Escritor e jornalista Afonso Borges estreia como cronista do Hoje em Dia

Hoje em Dia
Publicado em 11/08/2014 às 08:20.Atualizado em 18/11/2021 às 03:44.
 (Editoria de Arte)
(Editoria de Arte)
GAZA E OS OLHOS DE VIDRO DE LUCAS
(ou a cegueira de quem enxerga e não vê)
 
Afonso Borges*
 
Lucas hoje tem olhos de vidro. Lembra o tempo que andava pelas ruas lendo livros, trombando nas pessoas. O tempo que lia sentado no meio-fio, de noite, à luz dos postes, esperando ônibus. Depois, lia durante todo o trajeto. Hoje seus olhos ardem muito no final do dia.

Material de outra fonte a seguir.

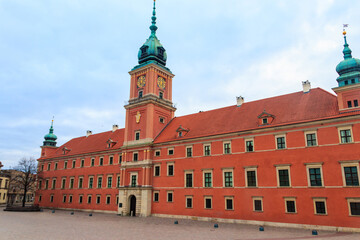 Obraz premium Royal Castle in Castle Square in Warsaw, Poland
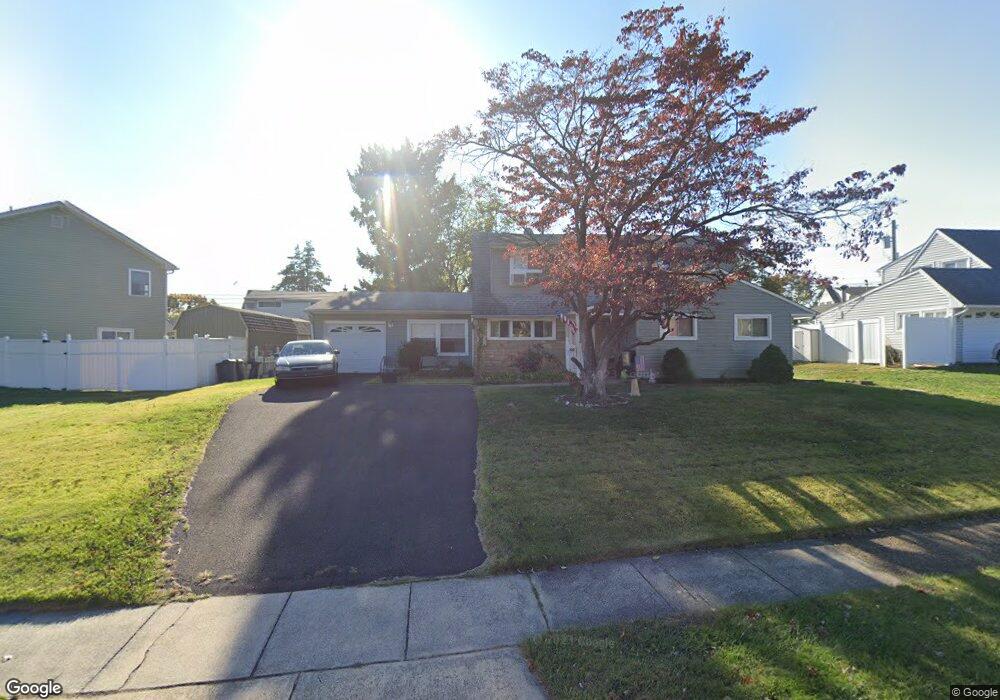 48 Deep Dale Dr E, Levittown, PA 19056 - photo 1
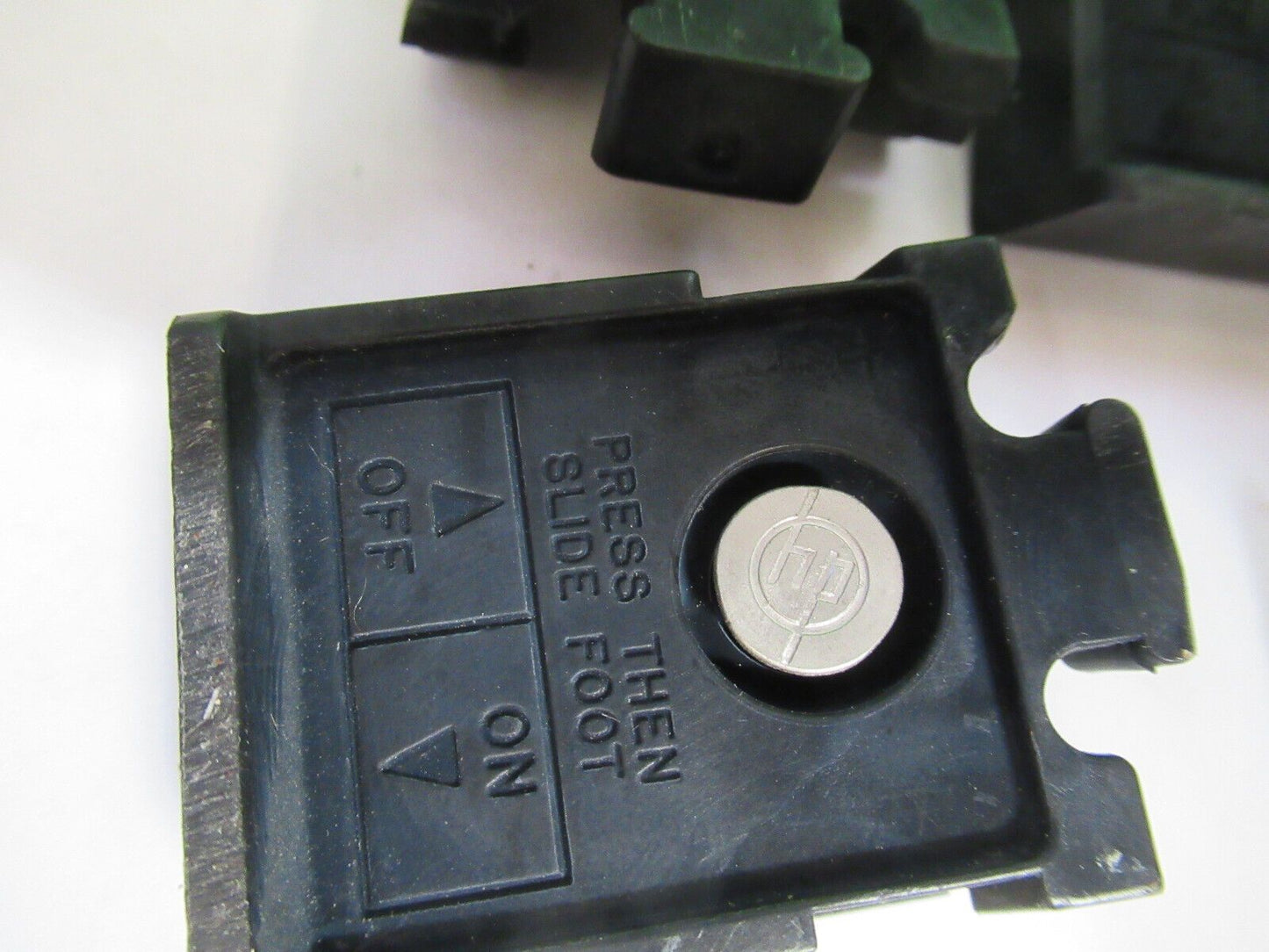 OLD HP HEWLETT PACKARD FEET LOT SPECTRUM ANALYZER PARTS AS PICTURED #W6-A-76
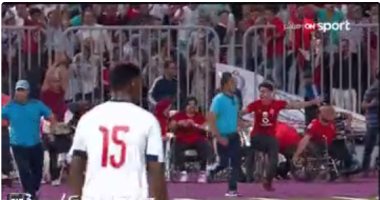 تداول فيديو لمشجع بقدم واحدة يرقص احتفالا بتأهل المنتخب المصرى لكأس العالم
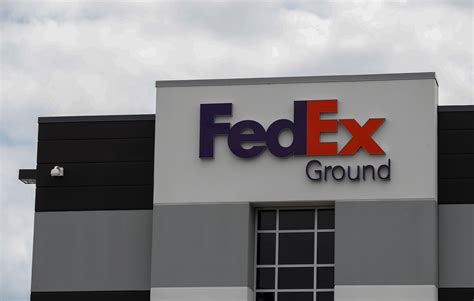 Fedex kent station. 325 S Washington Ave. Kent, WA 98032. (253) 854-7377. Find directions, store hours & UPS pickup times. If you need printing, shipping, shredding, or mailbox services, visit The UPS Store #2728. Locally owned. 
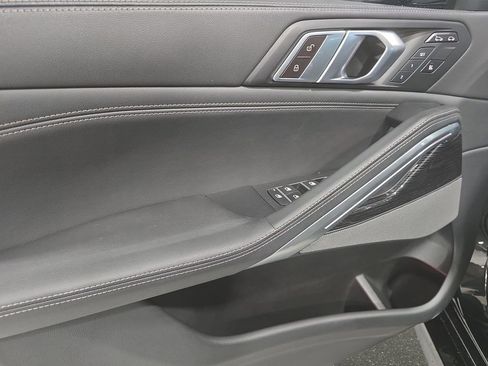 Used 2024 BMW X6 xDrive40i w/ Premium Package image 26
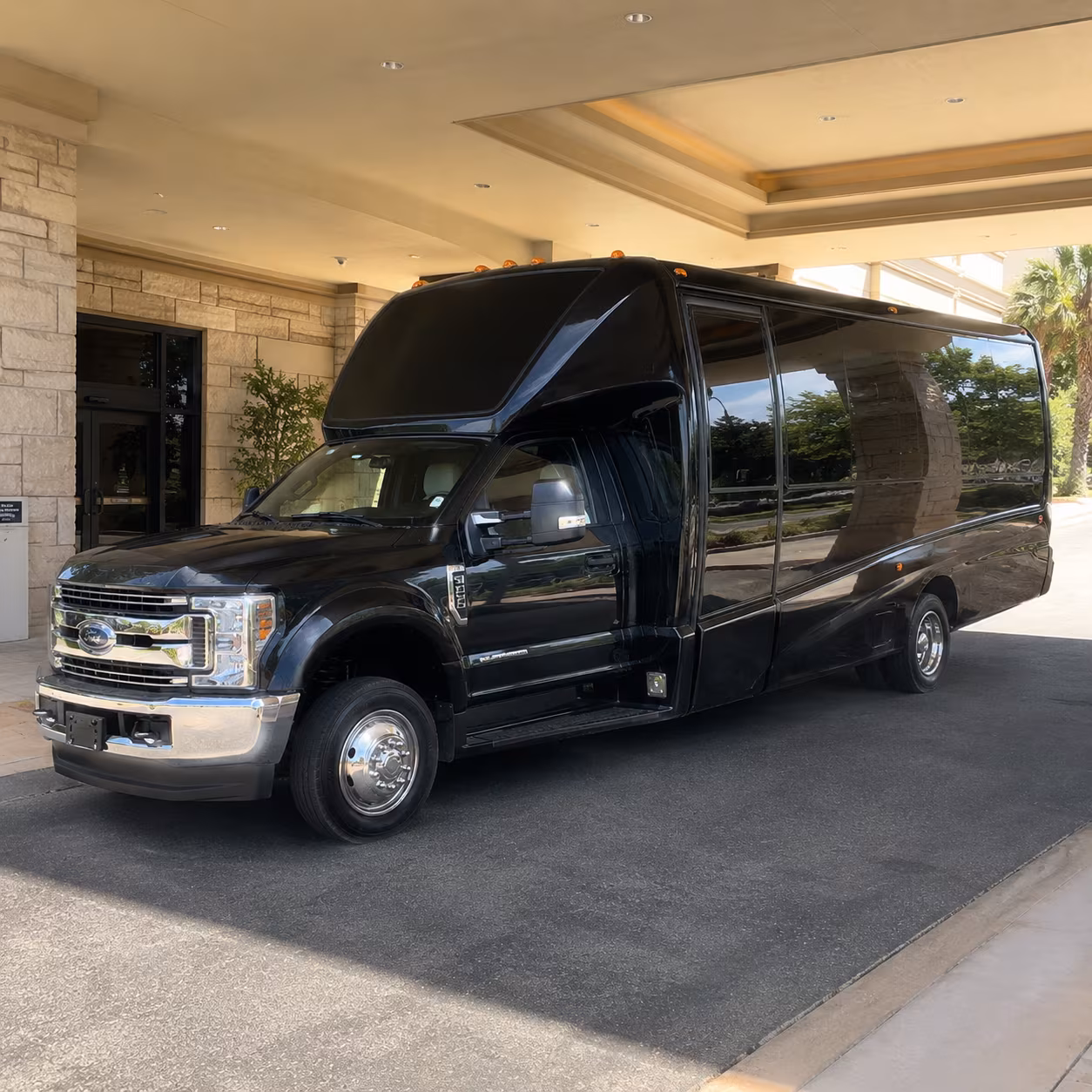 farmington hills prom party bus rental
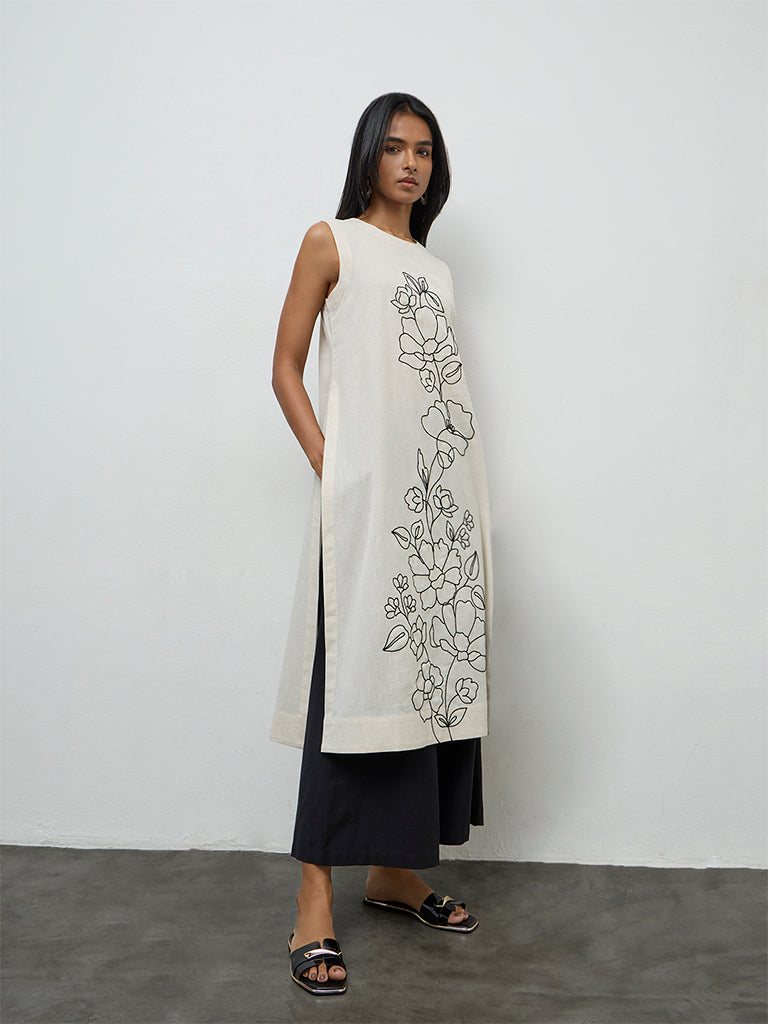Utsa Off-White Floral Embroidered Cotton-Blend A-Line Kurta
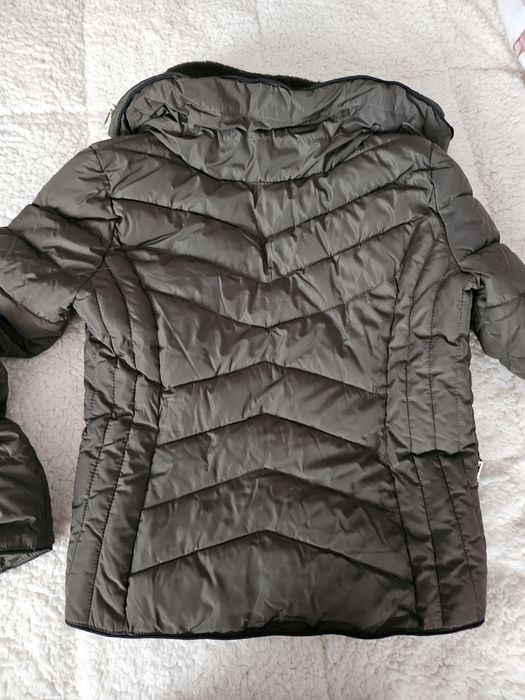 Топло зимно яке в зелен цвят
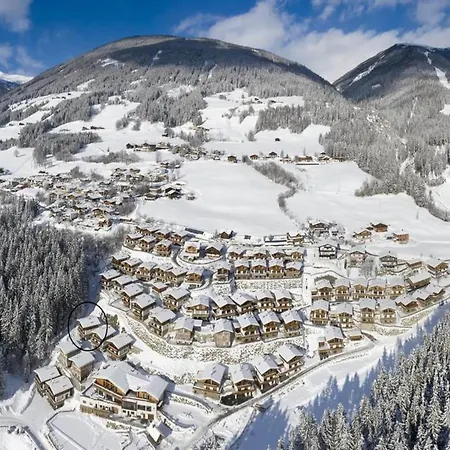 Chalet Near Slopes, Sleeps 6 Neukirchen am Großvenediger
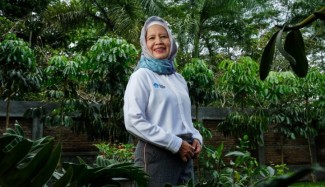 Muslimah Guru Besar UGM Ini Jadi 100 Tokoh Paling Berpengaruh di Dunia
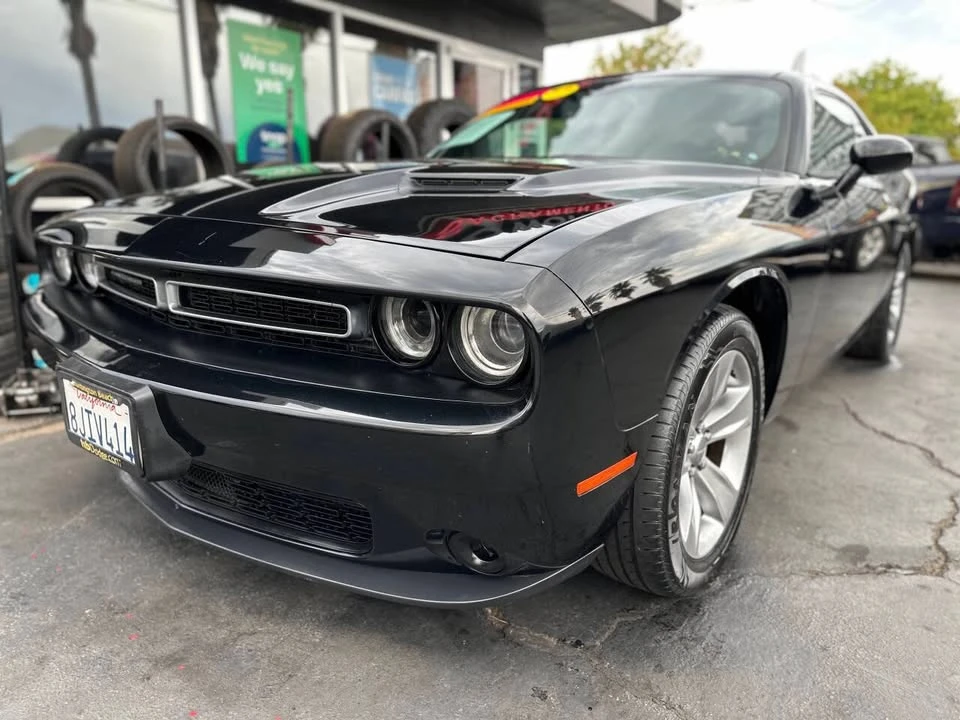 2016 Dodge Challenger 3rd Gen - Image 3 of 17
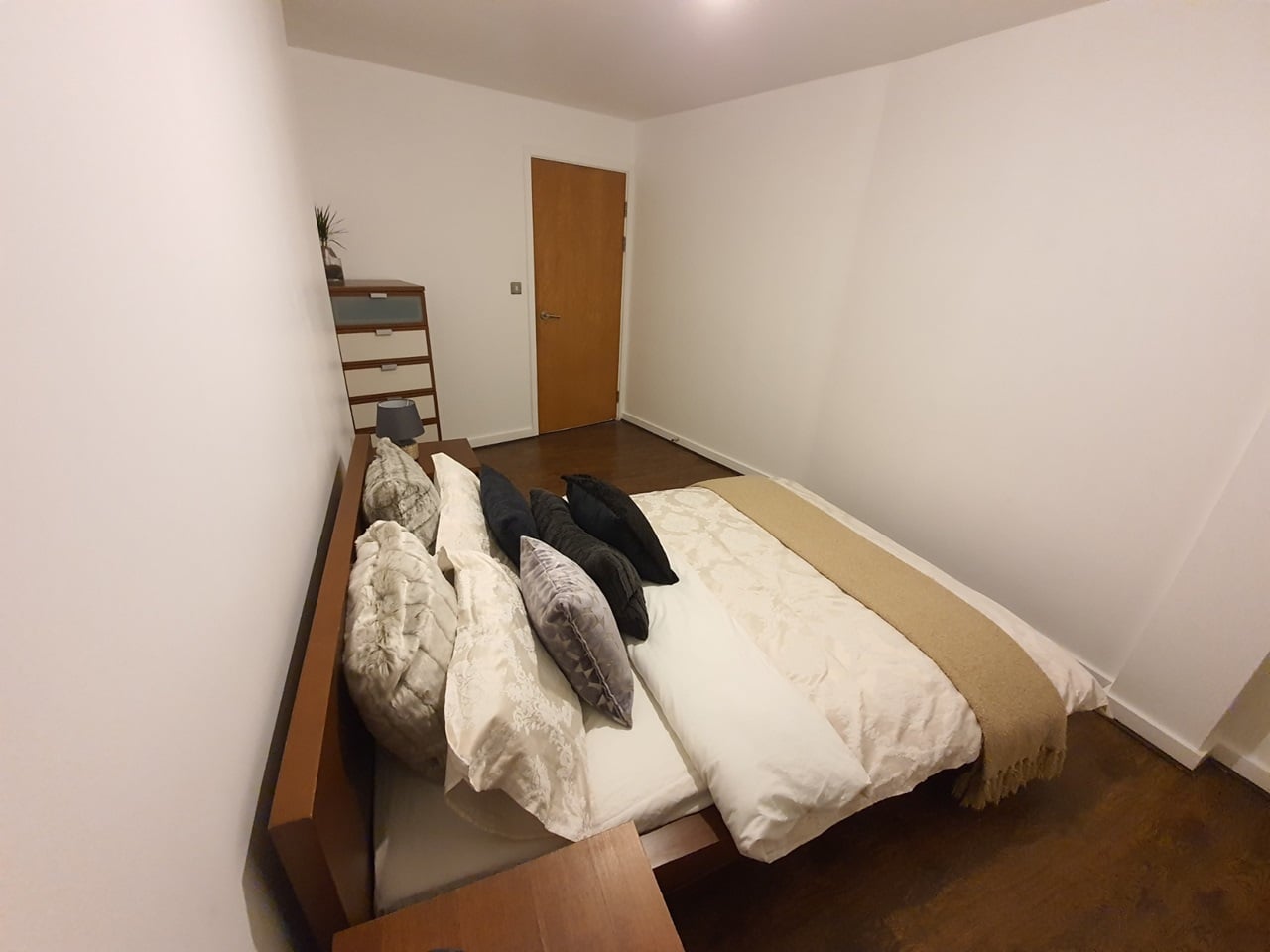 2 Bed Flat, Masson Place, M4 photo 4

Como pimenta. 
 
Lucas hoje lê com seus olhos de vidro outros vidros: a tela do computador, do celular, do tablet, do Ipad. A TV substituiu a emoção do romance. Na TV ele encontra o hormônio delirante da imaginação que desistiu, há muito, de buscar no livro. Seus olhos e sua alma são de vidro, hoje. Não há janelas. 
 
De vidro estão, e são, os óculos e os olhos de Lucas. Mas estouram as bombas nos túneis de Gaza. Os túneis escuros de esperança e ódio; de planos e desenganos. Terríveis, as fotos das crianças destroçadas decoram os vidros que os olhos de Lucas vêem. Mas tudo se quebra. Ninguém está preparado para isso. 
 
Sem paz, os olhos de Lucas experimentam o olhar triste do mundo. O olhar que as centenas de livros lidos não explicam. O olho de vidro que vê fotos e imagens, no olho de vidro da mídia. Sem paz alguma, sem luz, cego. A cegueira torpe de quem enxerga e não vê. 
 
Os olhos de Lucas coçam como pimenta ao final do dia. O olhar de Lucas se vê nos outros olhares e se desfaz na ausência de sentimentos. A segunda-feira nasce alucinadamente azul na luz de agosto e o vidro continua, perpétuo, a moldar as sensações. Afastando os sentimentos. 
 
De súbito, Lucas se vê sentado no meio-fio, lendo livros, no ponto de ônibus, à meia-noite. Ninguém por perto, só o ruídos dos carros passando. Havia paz naquele encontro entre olhos e papel. E o coração aos pulos, de linha em linha. Como um raio, desceu a cena de Raskolnikoff vindo por trás da velha usurária, em “Crime e Castigo”, de Dostoiéviski. Ainda não havia vidros. 
 
Os olhos de vidro de Lucas não são cegos. Só selecionam sentimentos. Ou permitem que o vidro, híbrido, orgânico, faça o serviço. Tem a mente segura e equilibrada no olho de vidro do celular, agora. Ontem também. E amanhã, ao acordar, será o toque do aparelho sua primeira sensação. Seu primeiro pensamento após o sonho. 
 
A realidade, agora, passa ter olhos de vidro. Lucas sai à rua e assiste, atônito, um assalto no restaurante que janta. Gritos, tiros, sangue à sua frente, o susto imenso de uma morte. Sim, está acontecendo, é real, ele pensa, imerso em vidro. O corpo de Lucas, onde habita os seus olhos de vidro, não se mexeu. Assistiu, televisivo, os acontecimentos terríveis. 
 
Lucas pensou em Gaza. Imaginou os túneis. Engatinhou por eles, até que uma bomba destruísse tudo. Viu seu corpo ser destroçado, soterrado. Sentiu tudo, em vidro. Seus olhos começaram a queimar, como pimenta. Tirou os óculos, de vidro, cansados. Chega, pensou – e desligou o celular.
 
 
*Afonso Borges é jornalista, escritor, produtor-cultural e escreve crônicas para o Jornal Hoje em Dia às segundas-feiras.